Scraped caption text data:
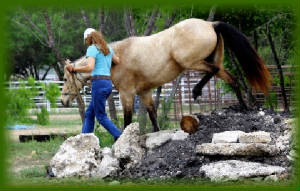 BraveHorseNew/BHClinic25.jpg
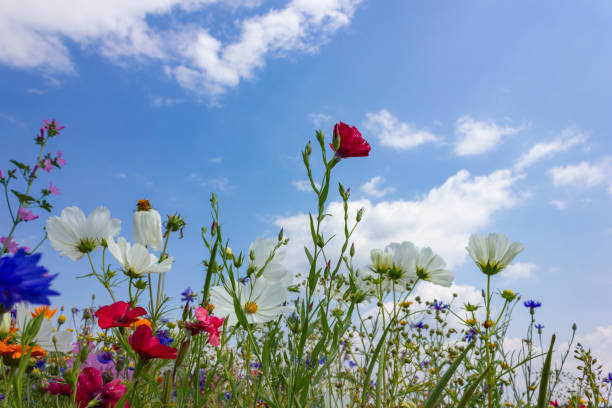 istock multi colorful flowers in meadow at sunshine summer day 1006078082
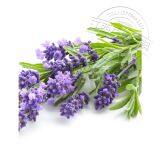 Distillation of Lavender Essential Oil 8000-28-0 thumbnail-2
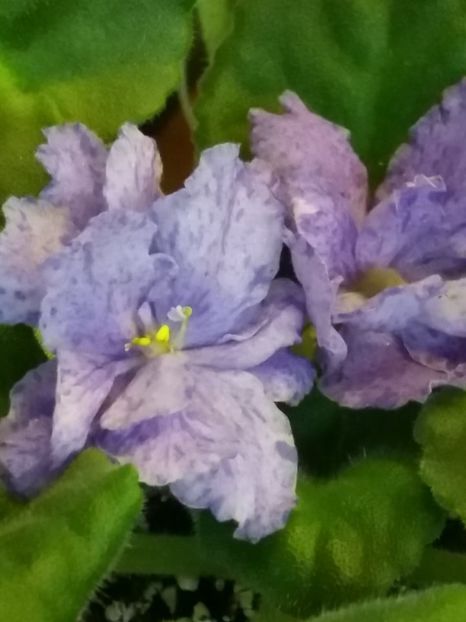  - ZZZSharlene Nostalgie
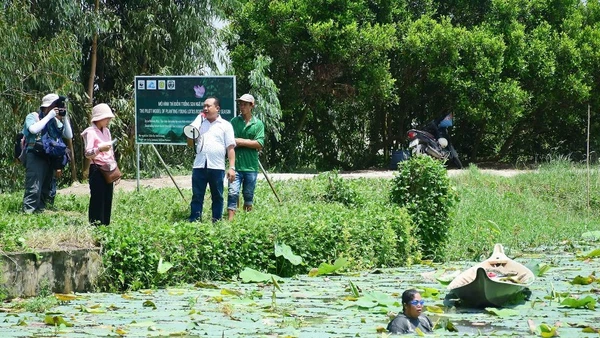 Mô hình nông nghiệp xanh tại An Giang: Trồng sen kết hợp nuôi cá trê vàng.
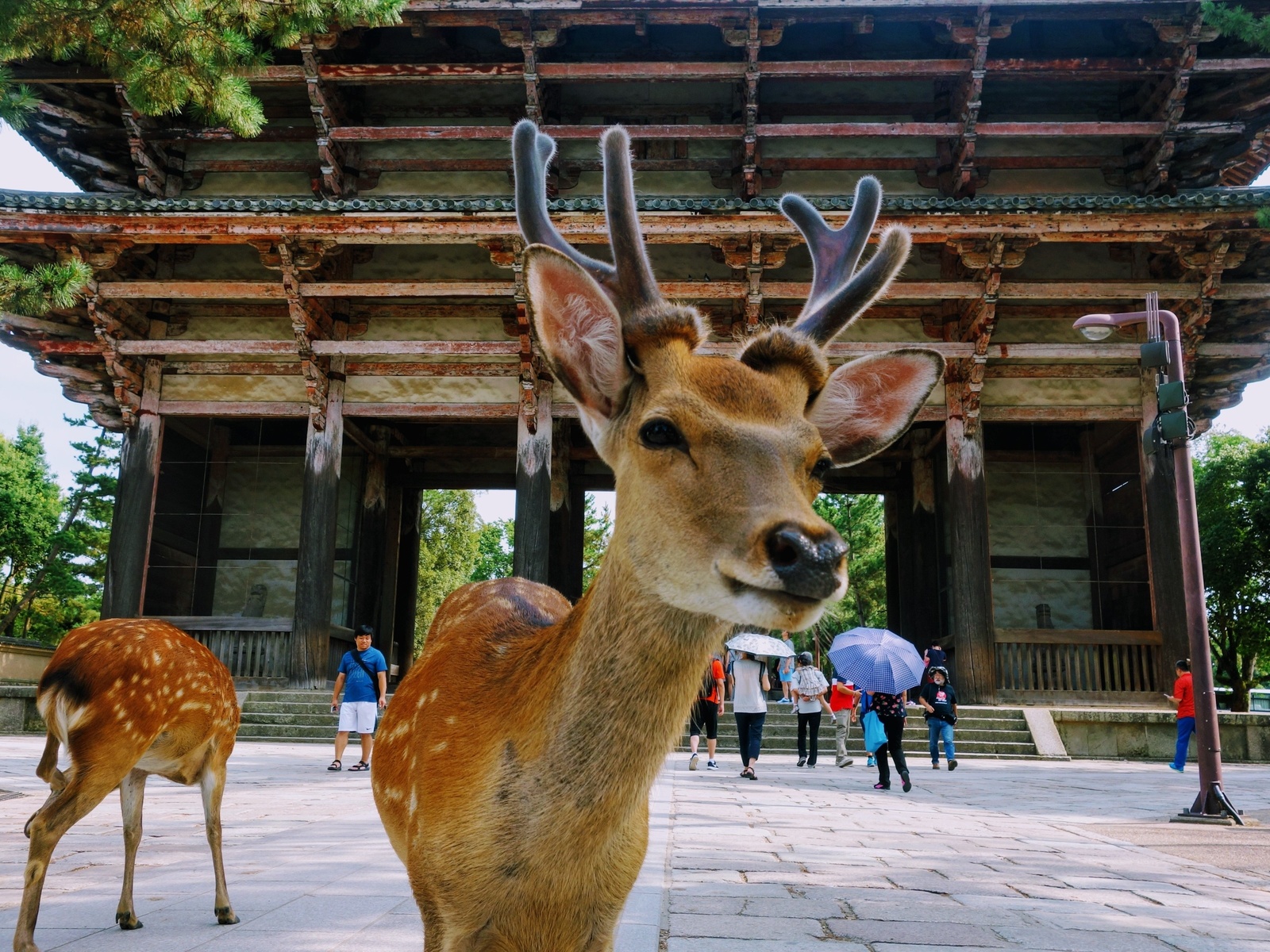 nara park, japanese deer park, nara, japan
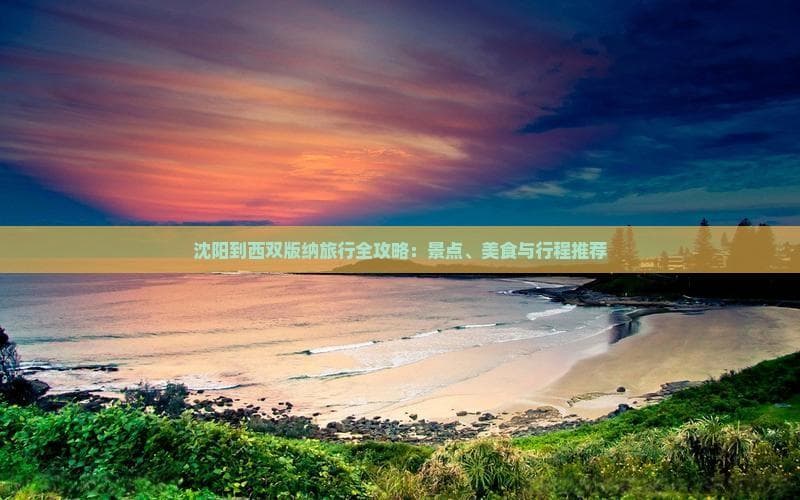 沈阳到西双版纳旅行全攻略：景点、美食与行程推荐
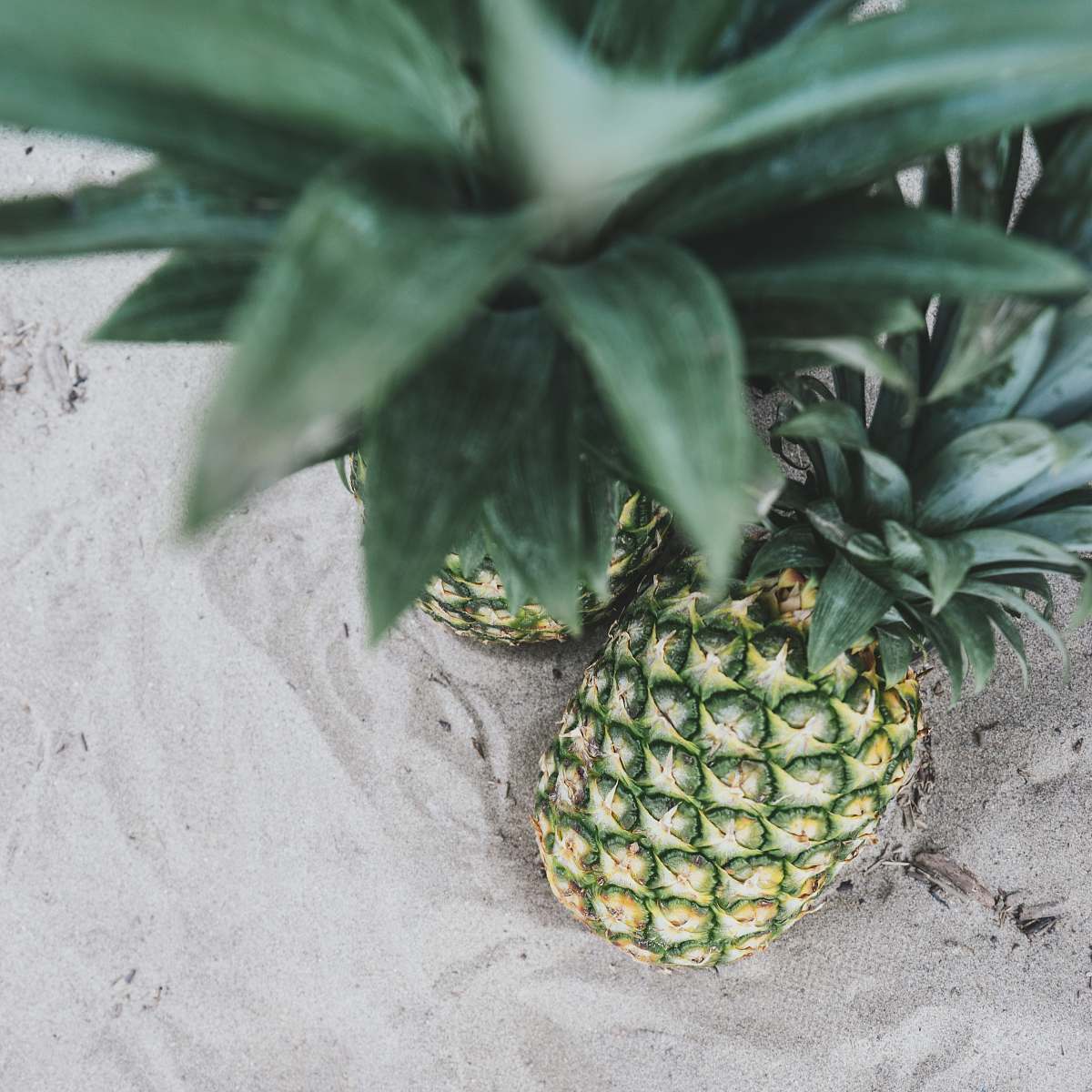 fruit two pineapples on sand pineapple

- TASK ITEM: Omit all pictures and write out, exactly, only the lines from the line containing "nara park, japanese deer park, nara, japan" through the last line of the entries above.

- WRITTEN SOLUTION:
 nara park, japanese deer park, nara, japan
 沈阳到西双版纳旅行全攻略：景点、美食与行程推荐
 fruit two pineapples on sand pineapple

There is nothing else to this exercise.